▶ [WHAT YOU SHOULD DO]:
Each line below should be repeated exactly as written, with no pictures carried over.

▶ [STORED DATA]:
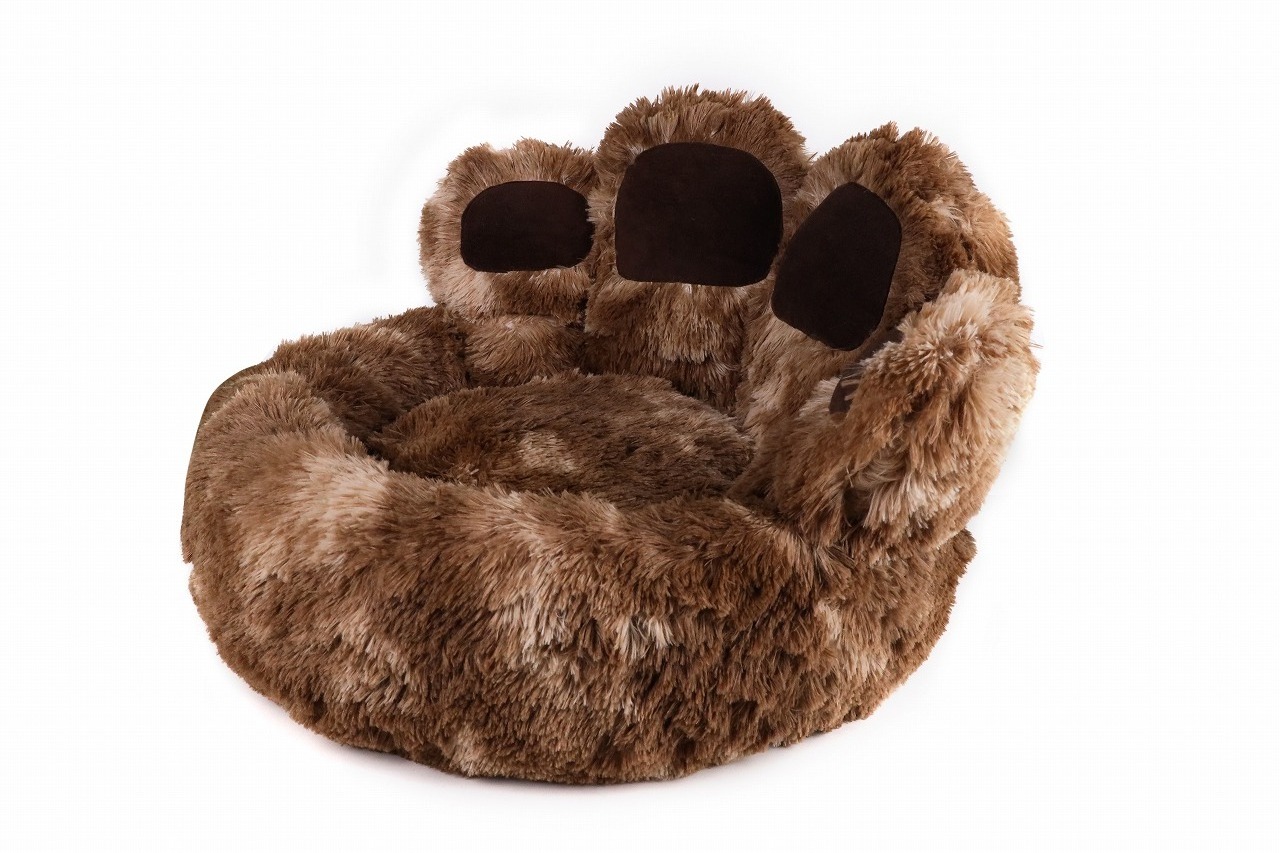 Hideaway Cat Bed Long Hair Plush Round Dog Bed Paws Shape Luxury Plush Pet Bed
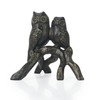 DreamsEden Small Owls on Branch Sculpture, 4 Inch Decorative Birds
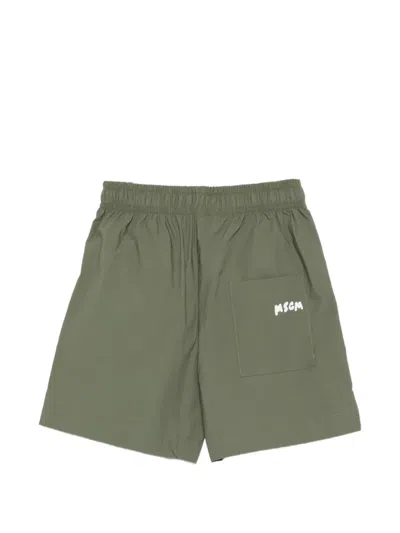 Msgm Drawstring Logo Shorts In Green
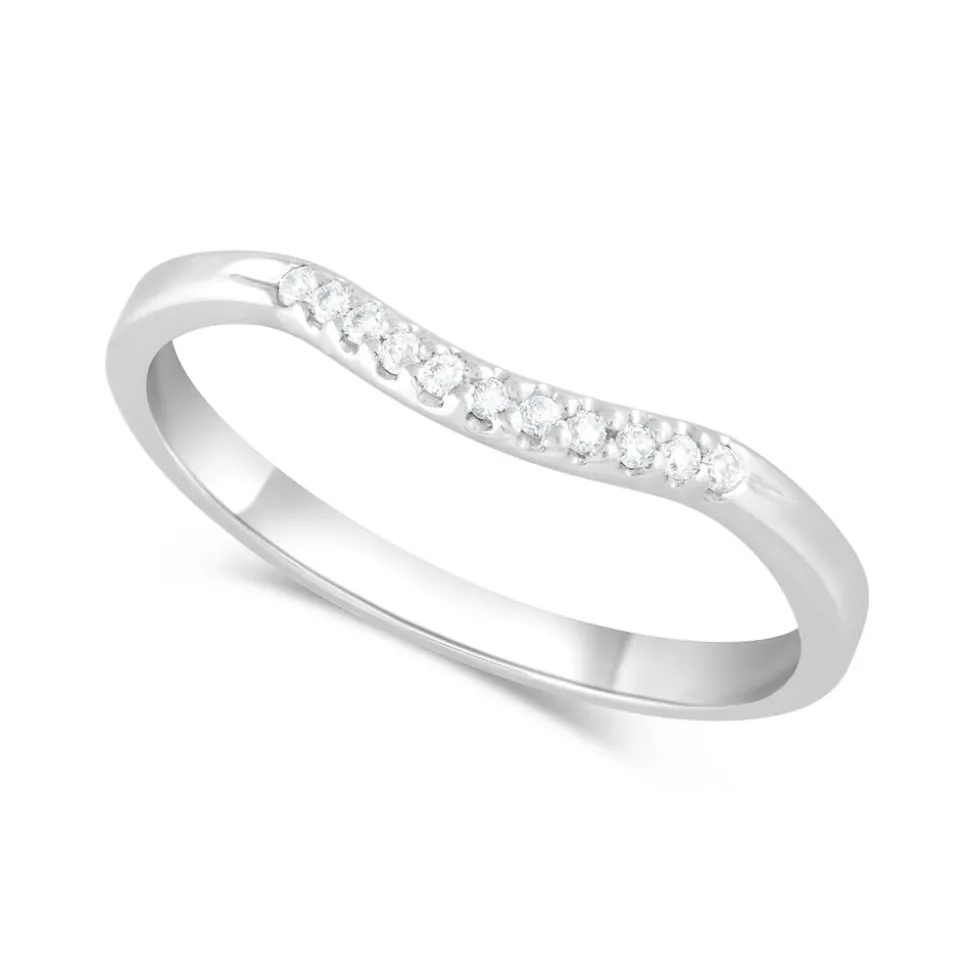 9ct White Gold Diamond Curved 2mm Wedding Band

▶ [RESPONSE]:
 Hideaway Cat Bed Long Hair Plush Round Dog Bed Paws Shape Luxury Plush Pet Bed
 DreamsEden Small Owls on Branch Sculpture, 4 Inch Decorative Birds
 Msgm Drawstring Logo Shorts In Green
 9ct White Gold Diamond Curved 2mm Wedding Band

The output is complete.